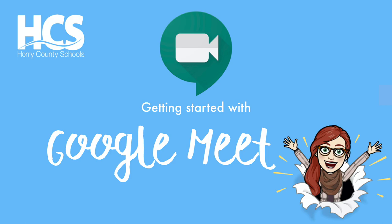Today we'll be exploring Google Meet. Google Meet is a web app that can help you meet with students face-to-face virtually.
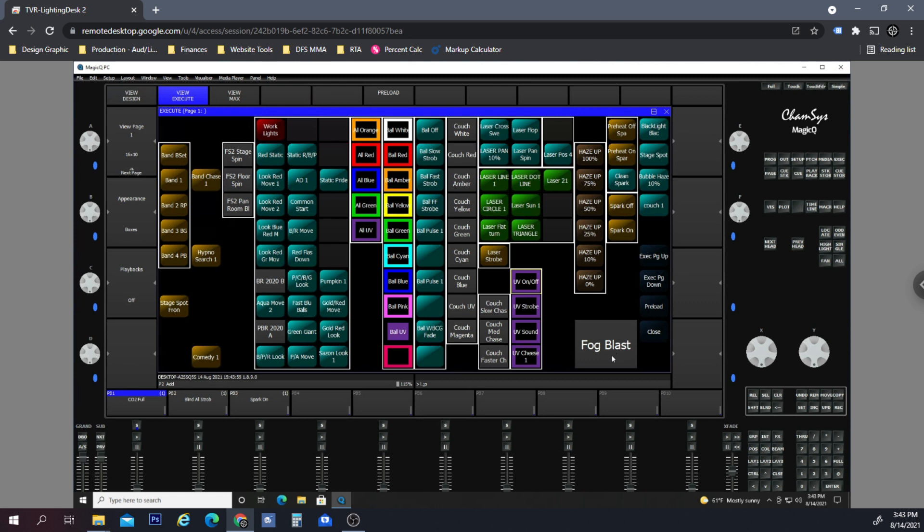Is to use the grandmaster fader and the DBO button—the blackout button. What you could do is basically tap that blackout button and then hit the fog blast. As you tap the blackout button it'll shut all the lights in the club, but the Fog Fury Jet won't be affected by that.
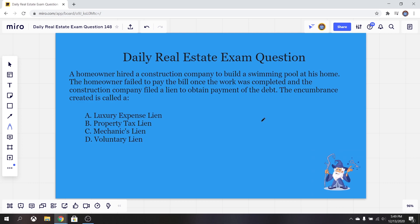That way you're fully prepared come exam day. Anyways, let's jump right into it. So today our question has to do with liens and lien types. So let's take a look.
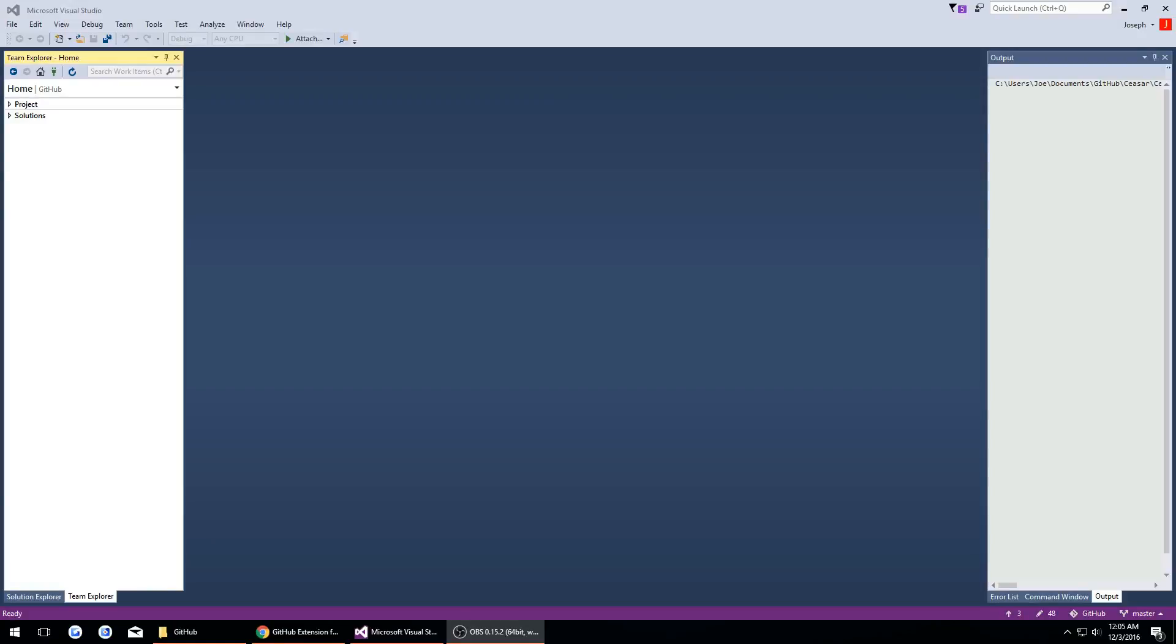What's going on guys? Tosker here and in this video I'm going to show you guys how to import an existing project in Visual Studio up on GitHub.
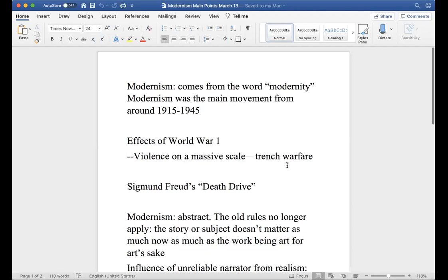This latest movement is called modernism. Some of you have heard that term - maybe in an intro to art class. In literature it works pretty much the same way as it does in art. It comes from the term modernity, and this form of literature was present from around 1915 to 1945, right before the Second World War ended. There's really only one other major movement since modernism: post-modernism, which we'll probably get to in the last day or two of class.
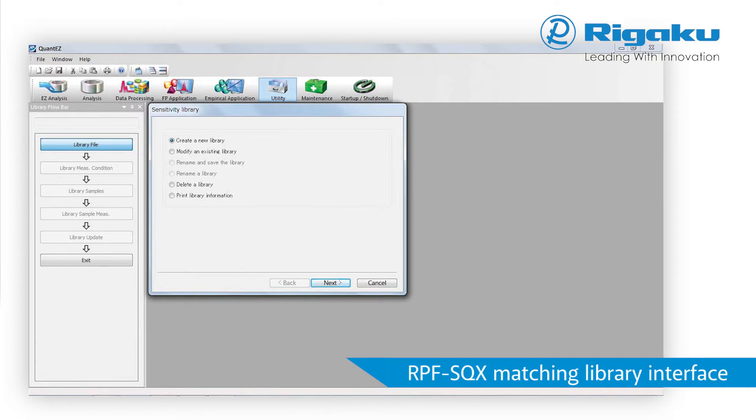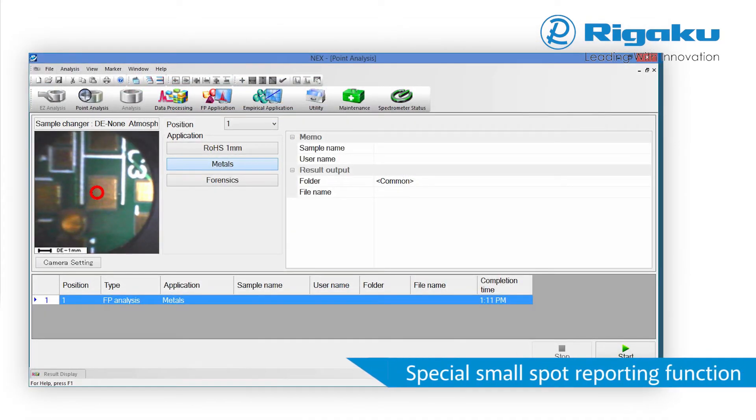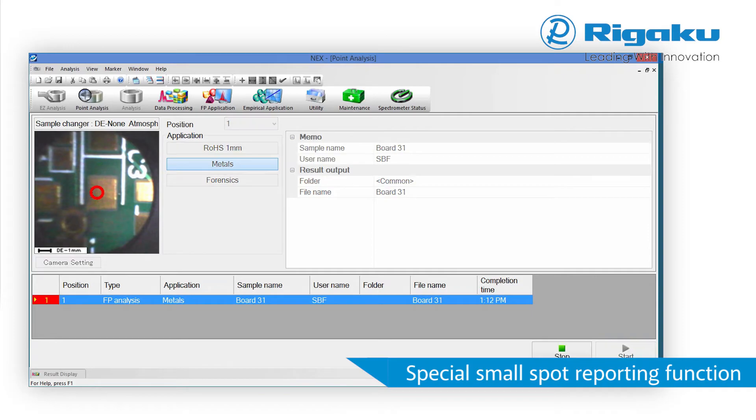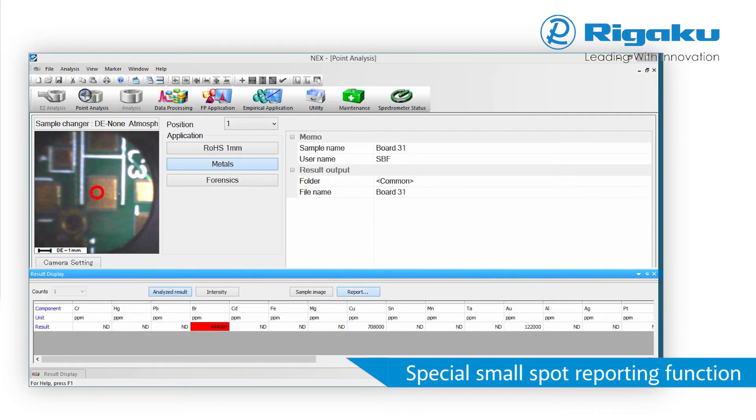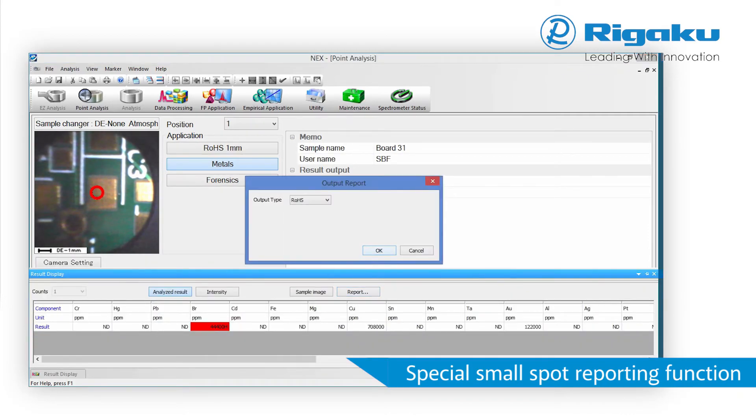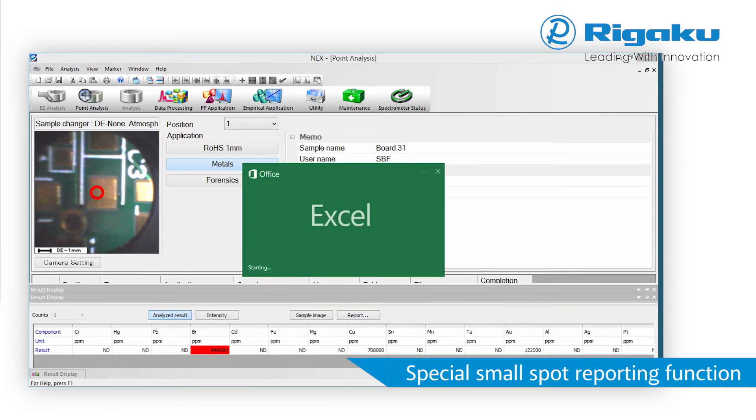Increased accuracy is achieved using a matching library. For small-spot analysis, the NEX DEVS incorporates a special spreadsheet-based reporting function that includes an image of the analyzed area.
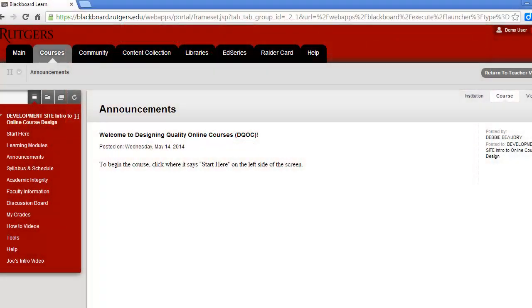When you log into Blackboard, you'll first see the Announcements page. This is the home page for the course site, and this is where you'll see the most recent information about our course.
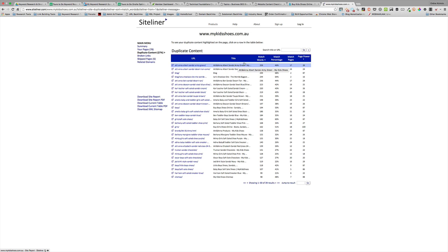So at this point you have to make an assessment as to what to do next. In this case I could go away and rewrite my product descriptions so that there is minimal duplication of content, and that would allow each of these product pages to be more unique.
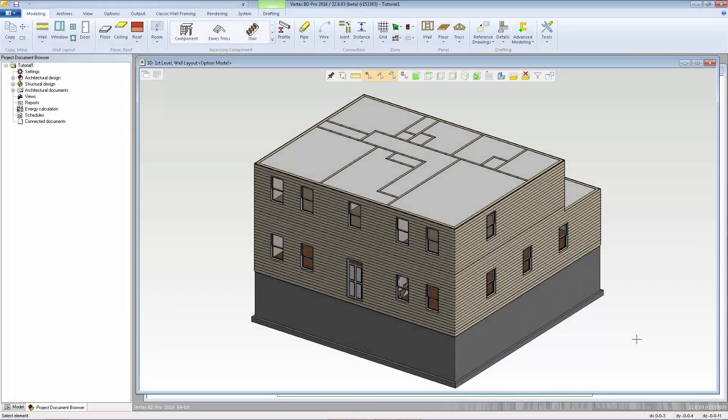Roof layout can be done a number of different ways in Vertex PD. First of all, it's helpful to know if the roof will be rafter-framed or truss-framed.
______
• _What is expected_
Would you set down, word for word, the lines running from the one that contains "Increased accuracy is" to the last line of the material, omitting all pictures?

• _Output for this exercise_
Increased accuracy is achieved using a matching library. For small-spot analysis, the NEX DEVS incorporates a special spreadsheet-based reporting function that includes an image of the analyzed area.
When you log into Blackboard, you'll first see the Announcements page. This is the home page for the course site, and this is where you'll see the most recent information about our course.
So at this point you have to make an assessment as to what to do next. In this case I could go away and rewrite my product descriptions so that there is minimal duplication of content, and that would allow each of these product pages to be more unique.
Roof layout can be done a number of different ways in Vertex PD. First of all, it's helpful to know if the roof will be rafter-framed or truss-framed.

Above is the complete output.